Companies continue to struggle in identifying precise applications and services used by its employees, without prior validation from IT. The conclusion emerges from the study “Cloud adoption: practices and priorities”, conducted by the Cloud Security Alliance (CSA) on over 200 CIO and responsible for security in the world.
Based on the survey of more than 200 CIOs and CISOs around the world, this study highlights a first implacable figure – nearly 72% of those surveyed admit to not know the number of applications and IT services used without their consent generating the phenomenon called “Shadow IT”. This concerns both the individual employees on individual initiative than entire divisions, with the backing of managers. Only 8% said they knew the number of applications relevant revenue via Shadow It, while 20% does not care in the least.
File sharing applications and collaboration, such as Google Docs, Dropbox, or Office 365, topped the list of requests (80%), followed by communication tools (41%) and social networks (38%). Still, only 16% of respondents have a policy of full implementation of cloud uses, against 26% for a “partially implemented policy”, and 8% for a “not implemented at all” policy. More than a quarter of respondents recognize not even have clear policy on the matter but work there. And, 23% of surveyed decision makers have no strategy or plan to develop one.
Companies have matured and are now seeking to establish policies and processes for employees to take advantage of cloud services that support the growth of activity, but without compromising security, regulatory compliance, and governance of corporate data.
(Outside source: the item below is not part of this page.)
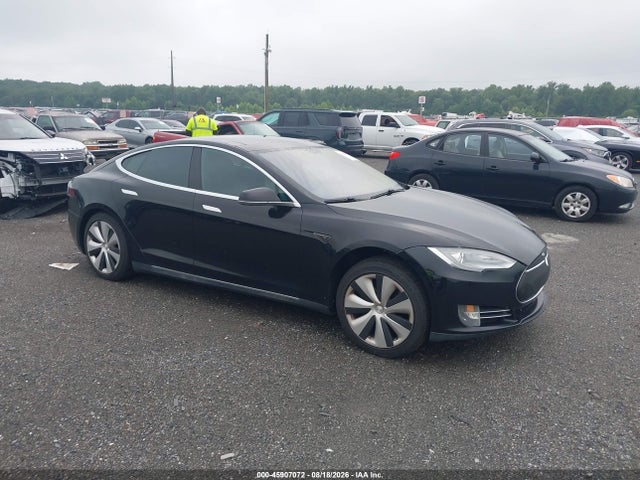 45907072 :رقم المزاد ، 5YJSA1CG2DFP14630 vin ، 2013 Tesla Model S مزاد بيع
CSA believes that in 2015 the management of identity and access can still earn interest and can deliver a key component in the cloud. CSA advises IT departments to monitor outgoing network traffic from the corporate network more closely. Traffic going in this direction has traditionally been treated more leniently than incoming traffic, but this may be a method to discover that Shadow It is in use now.
The staff that do not communicate over the corporate internet connection, but instead communicate over cellular networks, the use of shadow-it again be completely blacked out. Then it only remains for the IT department to talk to people and inform about the company’s policy in this area. In other words, for businesses, there is no question of ignoring the Shadow IT or measure, but to take control measure. There are so many applications and cloud services available that companies cannot effectively block all or prohibit.
The survey further said that as companies move data to the cloud, they are looking to put in place policies and processes so that employees can take advantage of cloud services that drive business growth without compromising the security, compliance, and governance of corporate data. CSA hope that this report provides companies with some good peer insight so that they can make better decisions to help confidently and responsibly accelerate the use of cloud services in their environment.